Generally, secondary batteries are batteries that can be charged and discharged. In contrast, primary batteries are those that cannot be charged. Secondary batteries are widely used in advanced electronic devices, including cellular phones, notebook computers, camcorders, etc. Particularly, lithium secondary batteries have driving voltages of 3.6 V or more. These driving voltages are three times greater than those of nickel-cadmium (Ni—Cd) batteries or nickel-metal hydride (Ni-MH) batteries, which are currently used as power sources for portable electronic devices. Further, lithium secondary batteries have relatively high energy densities per unit mass. Therefore, lithium ion secondary batteries have been increasingly and extensively researched and developed.

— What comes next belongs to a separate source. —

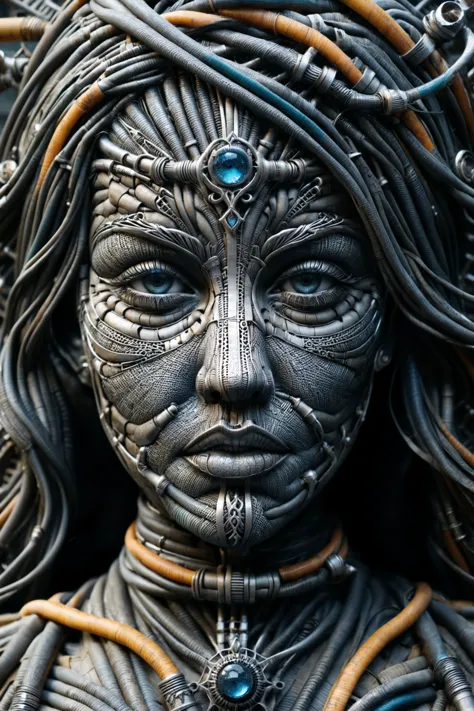 front view, closeup portrait of an ornate metal wire sculpture depicting the face of an unbelievably beautiful woman, serious, piercing gaze, looking at viewer, tattoos of city streets and digital circuits, parallel and intricate, mysterious planets, amazingly complex, hard square edges, beautiful, intricate detail, ornate, best quality, dramatic light, atmospheric, vivid details, photorealistic pewter sculpture, carved, cast iron, masterpiece, award-winning, cinematic composition, sharp focus, ral-watrho<lora:add-detail-xl:3> <lora:ral-watrho:1>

Lithium secondary batteries have conventionally used lithium-containing oxides as cathode active materials and carbonaceous materials as anode active materials. Generally, lithium secondary batteries are classified into liquid electrolyte-based batteries and polymer electrolyte-based batteries, according to the type of electrolyte used. Batteries using a liquid electrolyte are referred to as lithium ion batteries and batteries using a polymer electrolyte are referred to as lithium polymer batteries.
A lithium secondary battery generally comprises an electrode assembly comprising a cathode, an anode and a separator positioned between the cathode and anode. The lithium secondary battery is formed by winding the electrode assembly into a jelly roll shape. The wound electrode assembly is then inserted into a can which generally comprises aluminum or an aluminum alloy. The can is then closed with a cap assembly, and an electrolyte is injected into the can. The can is then sealed. The battery further comprises a sheath on the outer surface of the can. The sheath protects and insulates the battery from the external environment. Generally, this insulating sheath comprises a material that shrinks with heat, such as polyvinyl chloride (PVC). The sheath is attached to the battery by heating, thereby creating a complete battery.
Batteries are energy sources and have the potential to discharge large amounts of energy. Secondary batteries store large amounts of energy during charging. Also, secondary batteries require external energy sources during charging for supplying the energy to be stored in the battery. When abnormalities occur during charging a secondary battery, such as internal short circuits, the battery may rapidly discharge the stored energy, causing safety-related problems such as fire, explosion, and the like.
Additionally, due to the high activity of Li, lithium secondary batteries may undergo rapid exothermic reactions when exposed to small amounts of water contained in an electrolyte, as depicted in Formula (1) below. When it is not exposed to water, lithium reduces and precipitates during charging and discharging, as depicted in Formula (2) below. This reduction and precipitation of lithium causes short circuits between the cathode and anode. Therefore, lithium secondary batteries which do not charge or discharge property create high risks of fire or explosion.Li+H2O→LiOH+½H2↑  (1)LiLi++e−(forward reaction:dissolution, reverse reaction:precipitation)  (2)
Accordingly, secondary batteries are generally equipped with various safety devices for preventing fire or explosion caused by abnormal charging. For example, certain safety devices interrupt electric current when the battery temperature is too high or when the voltage increases too rapidly due to overcharging or over-discharging. Such safety devices prevent dangers such as explosion and fire. Some examples of safety devices include protective circuit boards that detect abnormal electric current or voltage and that interrupt electric current, Positive Temperature Coefficient (PTC) devices that are activated upon overheating due to abnormal electric current, and bimetal devices.
However, even when secondary batteries are equipped with such safety devices, users cannot visually detect abnormal and rapid increases in temperature during charging and discharging. Therefore, users cannot easily determine whether the battery is operating improperly. Additionally, secondary batteries can be misused in several ways, including user misuse, use with a malfunctioning charger, and use contrary to prescriptions for normal use. When such misuse occurs, for example during overcharging, the battery may ignite or explode. Further, contacting a coin or necklace with an external connection terminal may cause the battery to ignite or explode. However, it is difficult to detect these abnormalities so as to prevent dangerous occurrences such as battery breakdown and ignition.